A - Well... the short answer is that I'm an E-strategist living in Amsterdam, Holland. I'm an aquarius,
vintage 1966, and discovered single malt whisky (in the shape of a 16 years old Lagavulin) in 1991. I quickly became 'mad about malts' and started
the Malt Madness website in 1995. Two years later Craig Daniels, Davin de Kergommeaux and Louis Perlman started contributing to the web site; this collective effort eventually evolved into the Malt Maniacs web site. Around 2004
fellow malt maniac Serge Valentin added his WhiskyFun website to the collective. If you really want to know more about the man behind the malt madness, you should check out my personal introduction.
I obviously can't guarantee that you'll like me very much after I've exposed all my flaws, but at least you'll know who I am ;-)
- When I wrote the first pages of this site in 1995, single malt whiskies were not quite as trendy as they are today.
After converting my circle of close personal acquaintances to single malts, my preaching seemed to reach mostly deaf ears here in Holland. At the same time, there was an international malt community forming on the world wide web.
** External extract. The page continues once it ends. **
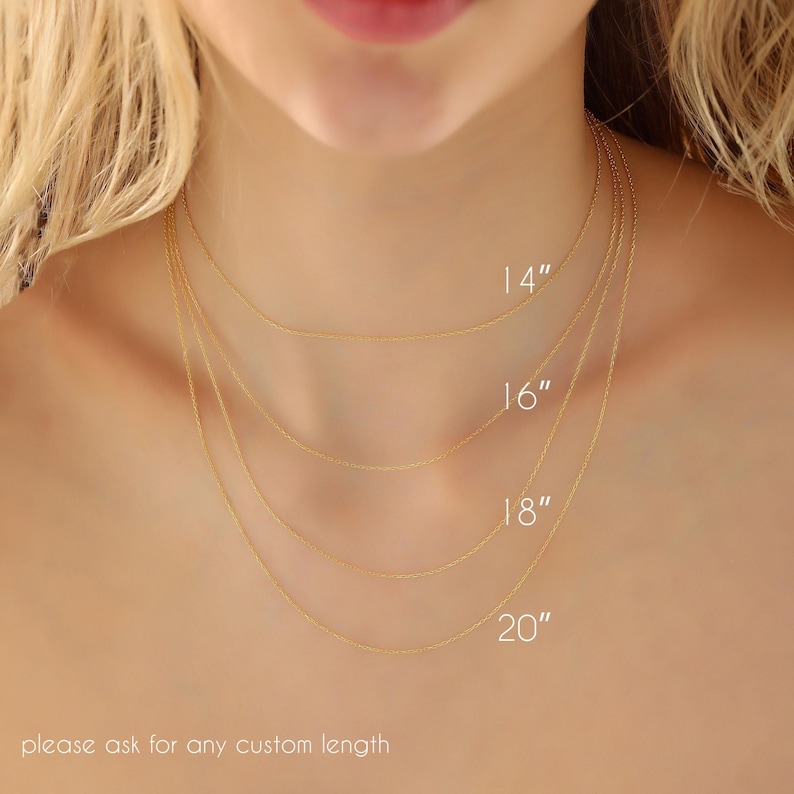 May include: Four delicate gold necklaces of varying lengths, 14, 16, 18, and 20 inches, are displayed around a person's neck. The image shows the necklaces' different lengths. The text at the bottom says, "please ask for any custom length."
What's more: most Dutch people speak English, but few English speaking people actually speak or read Dutch - and that's probably just as well... You're not missing much ;-)
Besides - my English needed improvement anyway, so I decided this could be a useful learning experience...
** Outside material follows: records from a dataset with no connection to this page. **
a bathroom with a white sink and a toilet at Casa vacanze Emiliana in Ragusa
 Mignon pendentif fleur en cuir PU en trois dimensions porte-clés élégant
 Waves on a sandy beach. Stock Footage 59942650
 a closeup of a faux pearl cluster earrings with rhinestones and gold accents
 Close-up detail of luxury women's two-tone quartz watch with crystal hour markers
A - The Malt Madness site started out as an article in the English version of my 'Weird Planet Magazine' website in 1995.
Maintaining both an English and a Dutch version of Weird Planet proved too time-consuming, so the English version of WP is no longer available. In fact, Weird Planet Magazine has been off-line for a few years now as well. Because I received so many reactions on my article on single malt scotch whisky I decided to add a few pages and transform it into a genuine website; Malt Madness. In 1997 people from all over the world started to submit articles for the website as well - almost a decade before 'Web 2.0' and 'on-line community' became buzzwords.
The Malt Maniacs section gradually attracted more contributors and readers. After 'a decade of heavy dramming' the section was upgraded to a separate website (cunningly titled 'Malt Maniacs') in 2006. At the same time the WhiskyFun website that French malt maniac Serge Valentin launched in 2004 was integrated into our 'on-line whisky trinity'. Together the websites offer thousands of pages dedicated to single malt Scotch whisky - and some of the other 'finer things in life'. The sites now attract more than 5,000 unique visitors each day.
A - Purely and passionately independent
- I still haven't gone all 'commercial' on you ;-)
Malt Madness remains as independent and (sometimes painfully) honest as ever. However, after the traffic to MM exceeded the limits on my personal hosting account around the year 2000 I was confronted with a choice; I would either have to start paying money so that all visitors would be able to read MM (and not even I am that mad) or find a sponsor who was willing to accept our full 'editorial' independence. That sponsor turned out to be www.scotchwhisky.com from the UK. After the ownership of Scotchwhisky.com changed in 2005, Sukhinder Singh from The Whisky Exchange kindly agreed to host the site for a while on his servers in exchange for a credit at the bottom of every page.
That was pretty 'low key' compared to the flashy banners on some other website, but I eventually chose for a 100% ad-free site.
At the moment technical wizard Tom Craig is keeping Malt Madness 'in the air' until we've found a permanent solution...
A - Quite comfortably I would imagine, as long as you understand that Malt Madness is part of an 'on-line trinity'
of whisky sites.
With the three 'tabs' at the top of each page you can jump between the three main segments, Malt Madness and Malt Maniacs (founded and maintained by yours truly) and WhiskyFun by Serge Valentin. The second row of tabs on MMadness and MManiacs provides access to the five main sections of each website - most of them filled with an overload of Scotch whisky information. The 'Big Crunch' in 2006 may have damaged some text links on the various pages, but the tabs should always lead you to the most recent version of a page.